START Data for the task

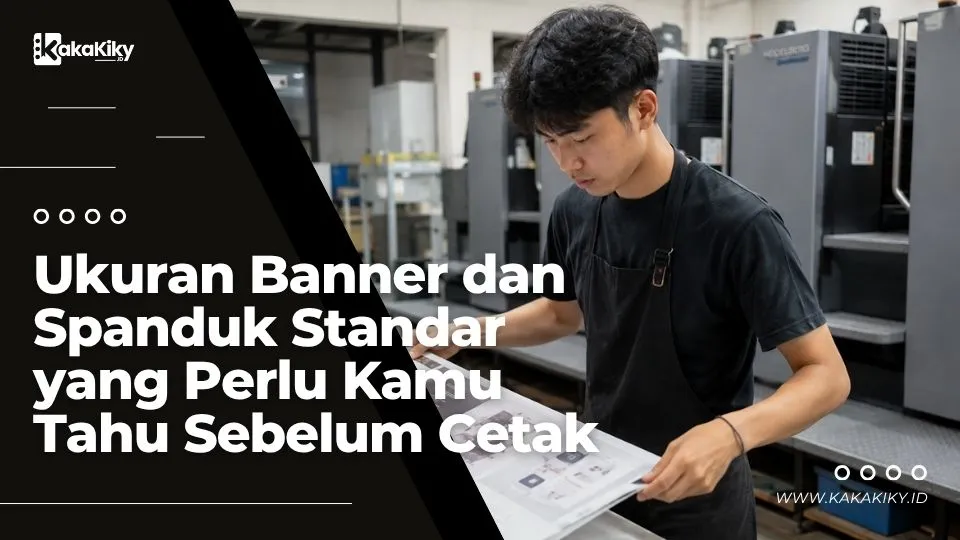 Ukuran banner dan spanduk yang umum digunakan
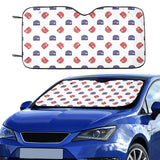 Hamburger Pattern Print Design 04 Car Sun Shade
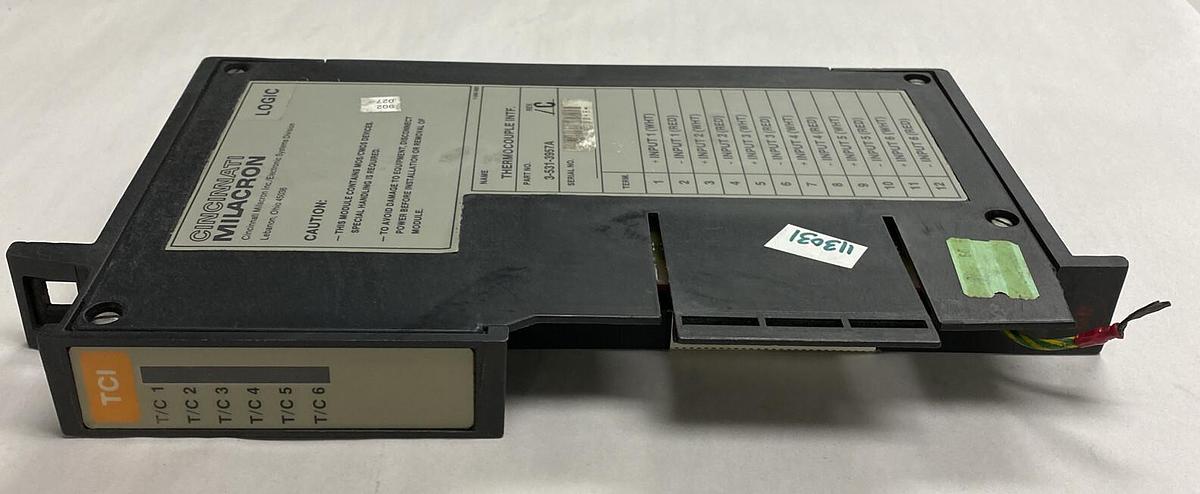 Used Cincinnati Milacron,3-531-3957A,Rev C Thermocouple Interface Module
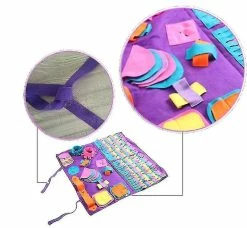 Shiyi Yi Shi Dog Sniffing Carpet, 90x90cm Grands Tapis Pour Animaux De Compagnie Pour Chiens Soft Pet Nose Work -nourriture pour chien boutique 501540517 max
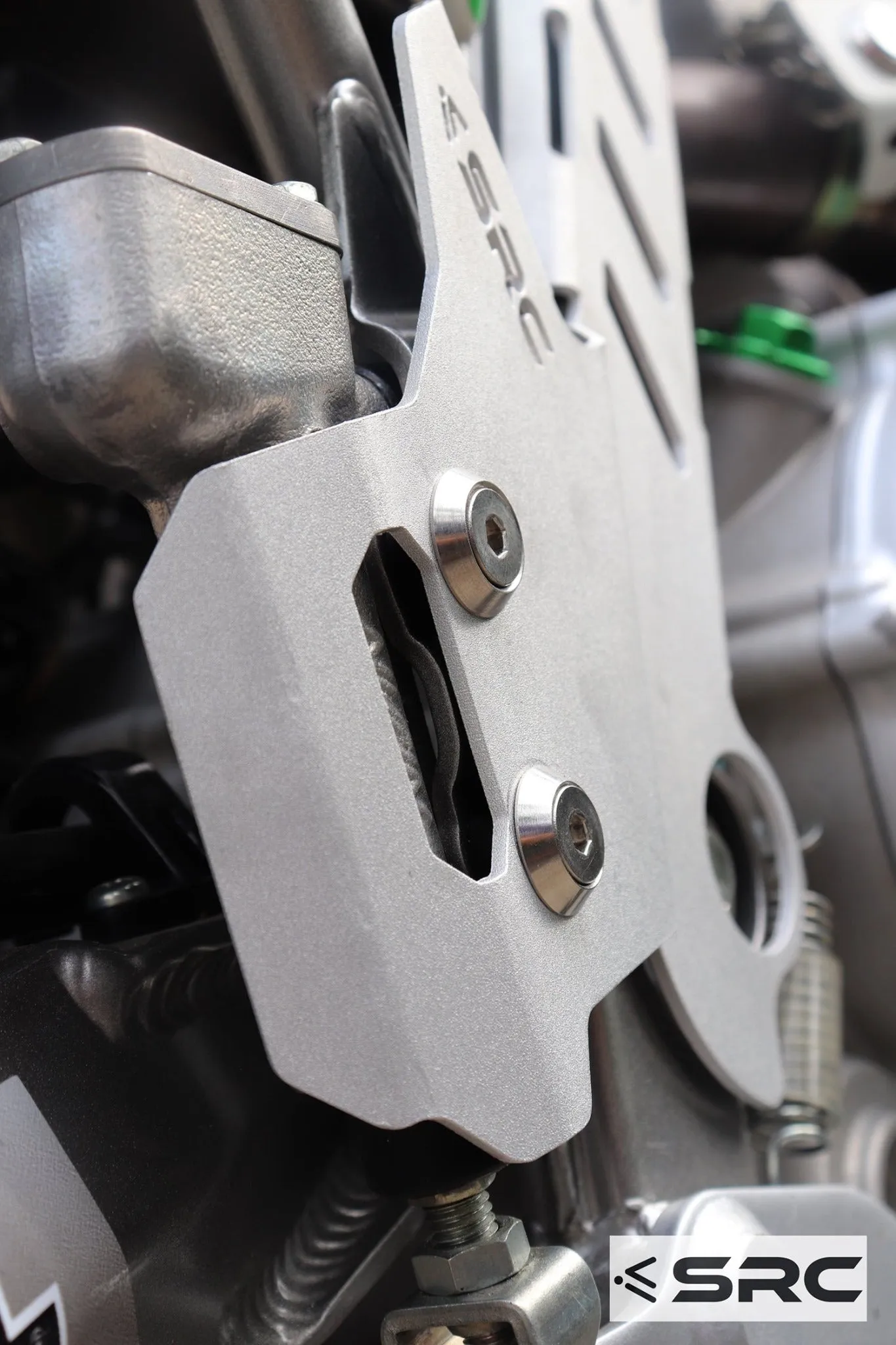 Kawasaki KLX300R Frame guards (set)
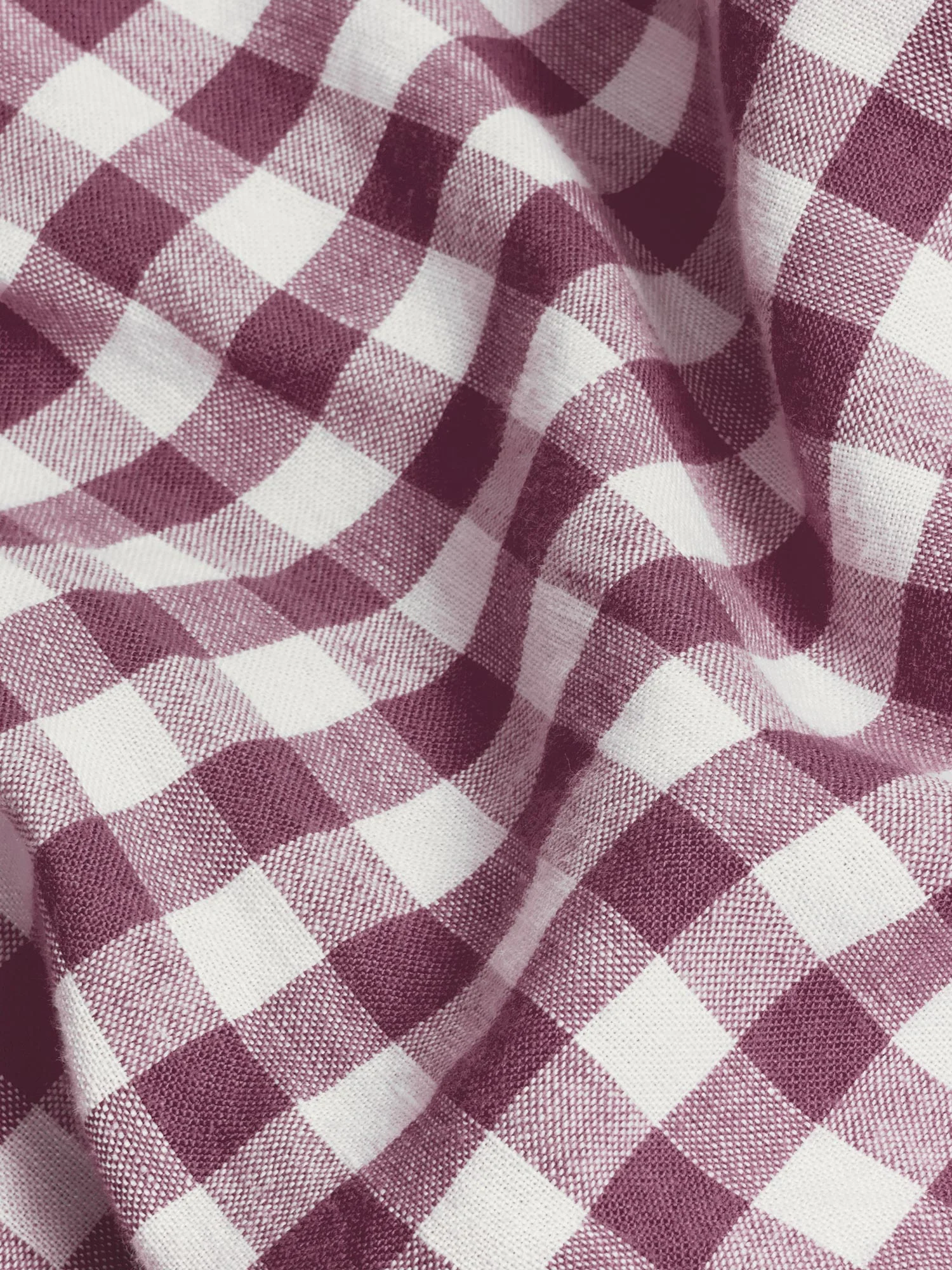 Berry Gingham 100% Linen Pillowcases (Pair) - Image 3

END Data for the task

About this task: Set down word for word the lines beginning with the one containing "Used Cincinnati Milacron,3-531-3957A,Rev" and ending with the last line of the listing, inclusive. Omit every picture.

Task response:
 Used Cincinnati Milacron,3-531-3957A,Rev C Thermocouple Interface Module
 Shiyi Yi Shi Dog Sniffing Carpet, 90x90cm Grands Tapis Pour Animaux De Compagnie Pour Chiens Soft Pet Nose Work -nourriture pour chien boutique 501540517 max
 Kawasaki KLX300R Frame guards (set)
 Berry Gingham 100% Linen Pillowcases (Pair) - Image 3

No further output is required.